On 8/26/23 09:20, Gernot Heiser via Devel wrote:
On 16 Aug 2023, at 00:22, Demi Marie Obenour
wrote: I’d claim they don’t help at all. They might if “random” was truly random, which in hardware is rarely the case. “Random” cache replacement is more properly described as “unspecified”. In reality it’s usually using some existing state (eg some counter) and as such is actually fully deterministic, you only have to reverse-engineer the mechanism.
Besides that, fully-associative caches (unless very small) are inherently slow (long critical path) and energy-hungry many gates to traverse).
What about Chameleon Cache (https://arxiv.org/pdf/2209.14673.pdf)?
I had a look, and the paper pretty much confirms what I’ve said. (Besides being only a proposal…)
For one, they don’t actually do an FA cache, nor true randomness, they approximate both in some fashion so that the effect is basically the same (so they claim, I didn’t read it carefully enough to confirm that, note that the paper is published in a third-tier venue I hadn’t even heard of before – IEEE International Symposium on Secure and Private Execution Environment Design).
It does all this by making the hardware more complicated (and thus more likely to be buggy/attackable).

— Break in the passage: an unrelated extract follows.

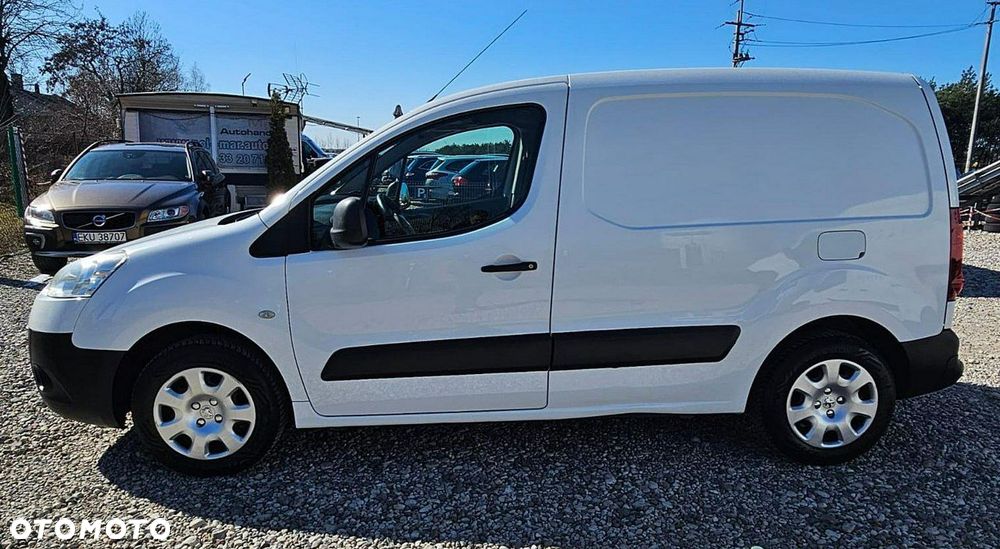 Peugeot Partner - 10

Specifically, they take the IMHO wrong approach of trying to solve the whole problem in hardware, discarding alternative approaches as “involve[ing] software to manage the partitions”. As I keep saying, security is inherently a HW-SW-codesign problem, you won’t get good solutions by trying to do it all in HW or in SW. The right approach is policy-mechanism separation: HW provides minimal (and ideally orthogonal) mechanisms, and SW uses them according to its security policy.
The HW-only approach means that the HW must take a pessimistic approach and prevent information flow across anything that looks like it might be a security boundary, whether or not it actually is (which only the OS can know). This has a (generally measurable) cost.
Here this cost is that the cache will likely be slower (in terms of access), likely more energy-hungry and have reduced hit rates compared to, say, a 4-way LRU cache. This will be a constant overhead, whether it’s needed or not. In contrast, flushing the L1 is a cost that is only needed when an actual security-domain switch happens. It is small (fraction of a µs), negligible unless domain-switch rates are unusually high.
For an L1 cache, flushing on each domain switch might be the best choice, but what about L2 and L3? Flushing L2 and L3 is going to be very slow, since it requires going all the way out to main memory. Do you have an alternative suggestion that can scale to hundreds of security domains? That’s not unrealistic for e.g. a web browser, where each origin is a separate security domain. The impression I got from the academic work I have seen so far is that it works well when there are a small number of security domains and crossings between them are infrequent. Real-world systems, though, have lots of security domains and tend to cross them quite frequently, most notably at every single system call. Yes, part of the problem is that existing APIs were designed around low syscall costs and that existing kernels keep too many pages mapped at once, but still. -- Sincerely, Demi Marie Obenour (she/her/hers)